The analysis from think tank Education Reform Now, which focuses on educational equity, asserts that the state's funding model should be revamped. It said more money should be put into higher education, as nationally Virginia lags in state appropriations.
A "more rational and equity-minded approach" would direct money to institutions with greater shares of disadvantaged students, according to the organization.
The report highlights problems that have long plagued colleges but the pandemic brought into focus, including anemic state higher ed funding and whether public financial aid programs efficiently target students who most need them.
Too often, schools that receive large amounts of state money serve tiny portions of low-income students, the report states.
Its authors call out William & Mary, which is the fifth-highest funded four-year public school in Virginia but enrolls the smallest share of low-income students in the state.

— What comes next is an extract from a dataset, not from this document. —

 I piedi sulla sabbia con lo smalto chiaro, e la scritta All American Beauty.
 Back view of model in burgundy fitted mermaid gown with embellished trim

William & Mary received nearly $8,500 in state money per full-time equivalent student as of 2019, but fewer than 12% of its students were federal Pell Grant recipients, based on a three-year average. And the Virginia Military Institute, which receives a little more than $8,000 in state funding per FTE, only 14% of students were Pell Grant recipients.
Conversely, at George Mason University, with a little more than $4,450 per FTE, Pell Grant recipients make up slightly less than 30% of the student body.

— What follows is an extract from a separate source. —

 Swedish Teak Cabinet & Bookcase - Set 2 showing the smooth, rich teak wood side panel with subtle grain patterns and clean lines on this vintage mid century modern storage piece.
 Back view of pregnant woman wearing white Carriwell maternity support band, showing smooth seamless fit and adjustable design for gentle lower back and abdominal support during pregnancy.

"Virginia’s two- and four-year colleges need equitable funding; that is higher funding for those with higher needs, and a formula that guarantees it," the report states.
The analysis also notes that the state investment in higher ed has fallen.
To make up for shrinking state funding, public colleges nationwide typically raise tuition and fees, the report states. In 2001, Virginia students paid about a quarter of the costs for college, with the state covering the remainder. But as of 2019, that shifted to students and the state paying about half of the costs each.
States can blunt the effects of disinvestment by boosting aid for certain students, the report states. But it found Virginia's aid programs, particularly one for students at private colleges, are flawed.
The Virginia Tuition Assistance Grant, or VTAG, Program helps undergraduate and graduate students attending private, four-year nonprofit schools in the state. Virginia spent $71 million on it in 2020.
VTAG doesn't take into account students' academic performance or financial need, meaning anyone can apply. The effect is that millions of taxpayer dollars benefit students who do not need financial assistance, according to the analysis. Nearly 60% of VTAG recipients came from households earning $50,000 and above in 2018-19.
This funding also goes to some private schools with middling student outcomes. The top beneficiary of the program, the evangelical Liberty University, took in $16.7 million in VTAG money in 2019, despite its six-year graduation rate being under 50% that year.
Reevaluating state funding will become all the more important as the U.S. battles the economic downturn of the pandemic. Higher ed had historically low state support headed into the recession, according to research from the State Higher Education Executive Officers Association. Early estimates indicate money for public colleges is expected to fall in most states in fiscal year 2021.
Virginia's legislature has set aside $300,000 for the State Council of Higher Education for Virginia to study college funding. It is due to deliver a report to the governor and lawmakers by Dec. 1.